Rappelons que, le 29 mai, Pierre Estoup, l'un des trois arbitres de l'affaire Tapie, avait également été mis en examen pour “escroquerie en bande organisée”. Ce que la justice cherche à établir, c’est où commencerait et où finirait précisément cette fameuse “bande organisée”, qui a tout de même permis d'accorder à Bernard Tapie une somme faramineuse, si d’autres personnes que l’homme d’affaires en auraient également bénéficié et, dans l’affirmative, à quelle hauteur.

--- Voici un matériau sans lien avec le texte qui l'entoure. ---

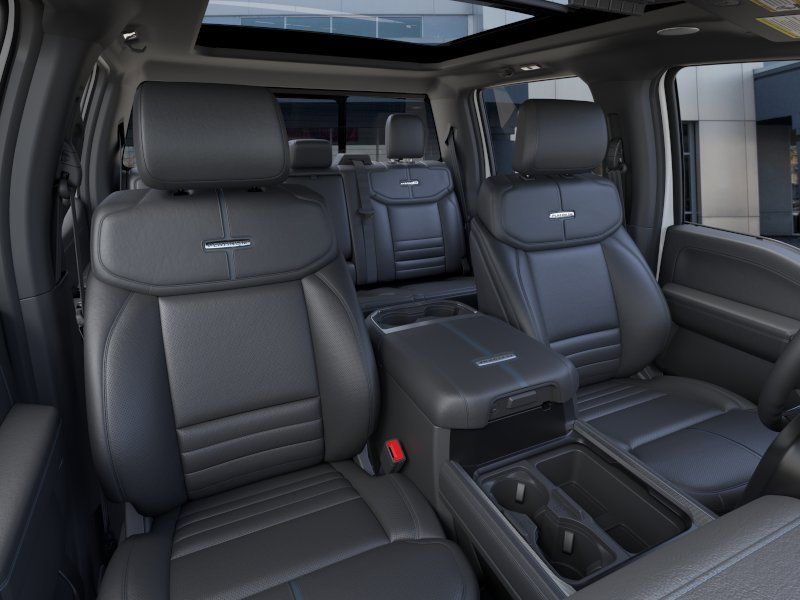 2026 Ford F-350 Super Duty Platinum - Photo 10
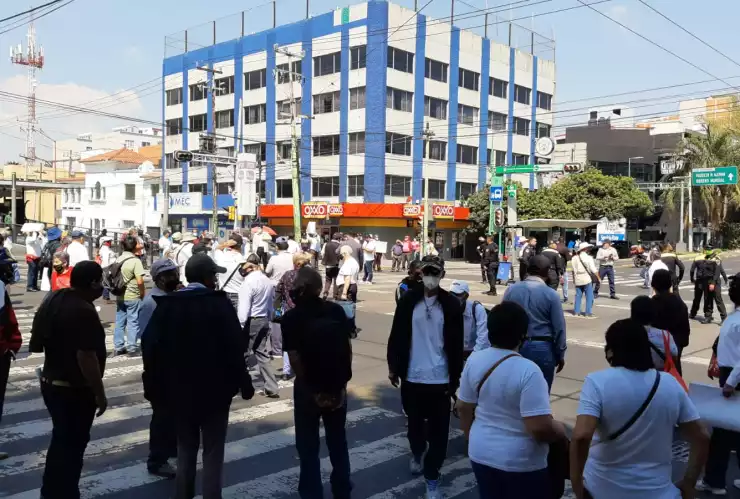 Trabajadores de Seguridad Pública realizan bloqueos en Xola, CDMX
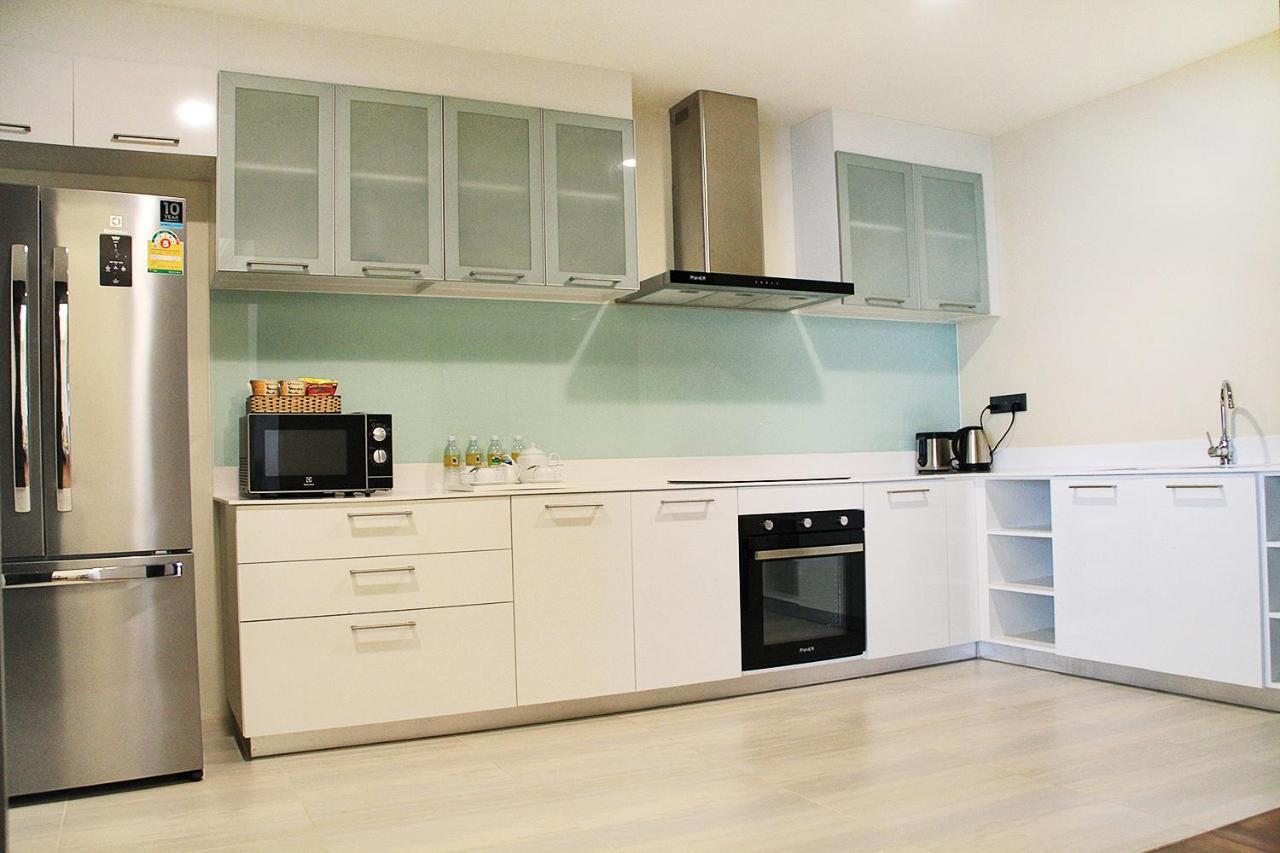 Himawari Hotel Apartments Phnompen Kültér fotó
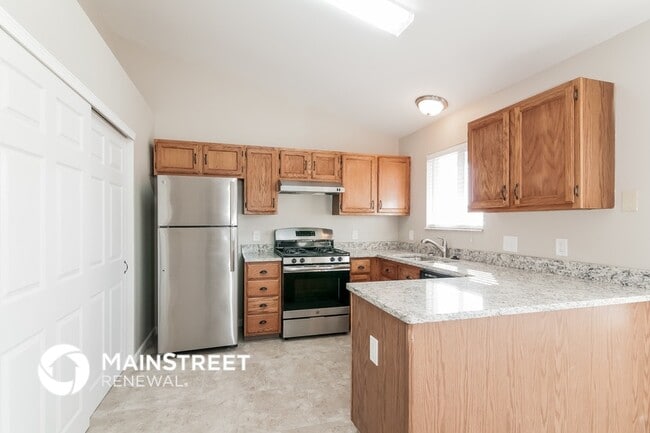 Building Photo - 3064 Laurel Village Cir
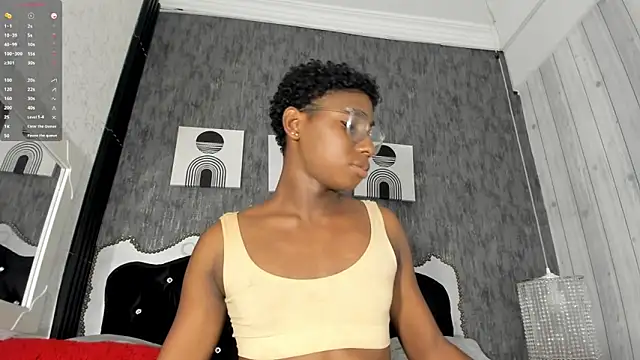 teylor lovee online show from April 5, 8:06 pm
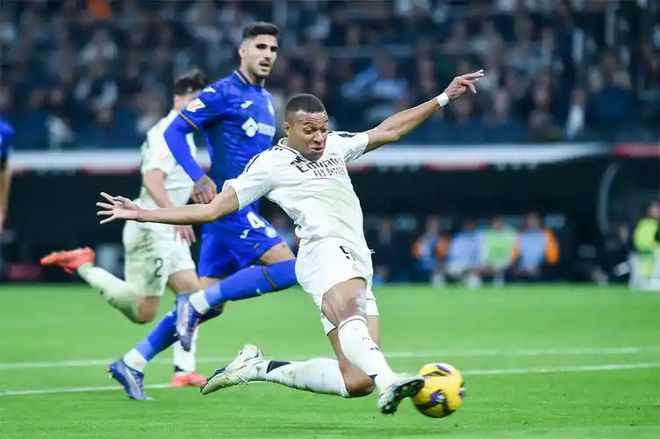 关于马竞主场逼平皇家社会，争冠前途堪忧的信息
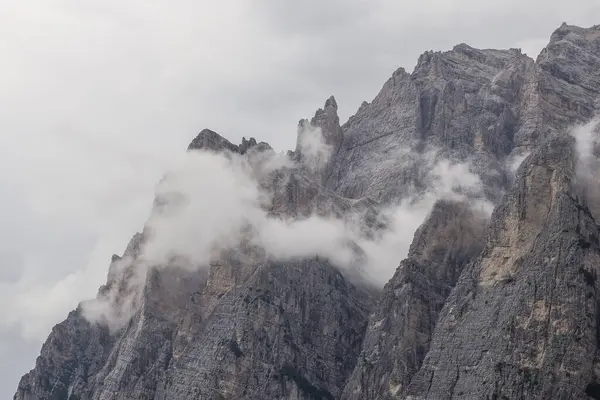 Bulutlu Bir Günde Dolomitler Dağları — Stok fotoğraf
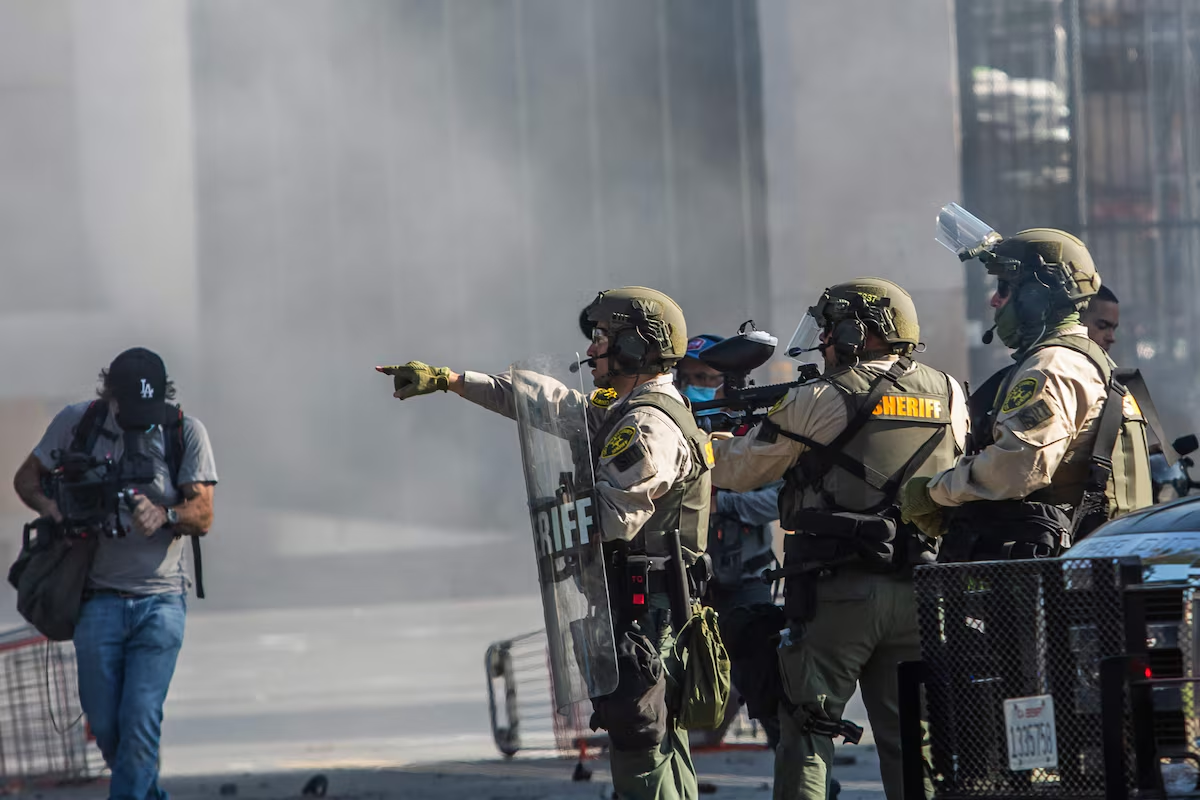 Trump mobiliza Guarda Nacional em Los Angeles após segundo dia de protestos; Governador da Califórnia condena ‘escalada militar’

“Il n'y a personne en France connaissant l'État qui puisse soutenir que ça n'a pas été approuvé au plus haut sommet de l'État, sans que le président de la République lui-même ait donné son approbation, son feu vert”, avait indiqué à ce sujet il y a quelques jours François Bayrou, pour qui cette affaire est l'“une des plus graves de la Ve République”. “Il y a un très fort soupçon d'une manœuvre organisée au sein même de l'État, une manœuvre concertée, réfléchie, voulue, approuvée pour qu'on détourne une somme colossale, plus de 400 millions d'euros, pour l'apporter aux fins que vous savez”, avait ajouté le président du MoDem. A ce stade, le mot qui revient sans cesse pour qualifier M. Richard est bien le mot “fusible”. A tort ou à raison. En tout cas, cette fois, ce ne sont pas des arbitres qui trancheront.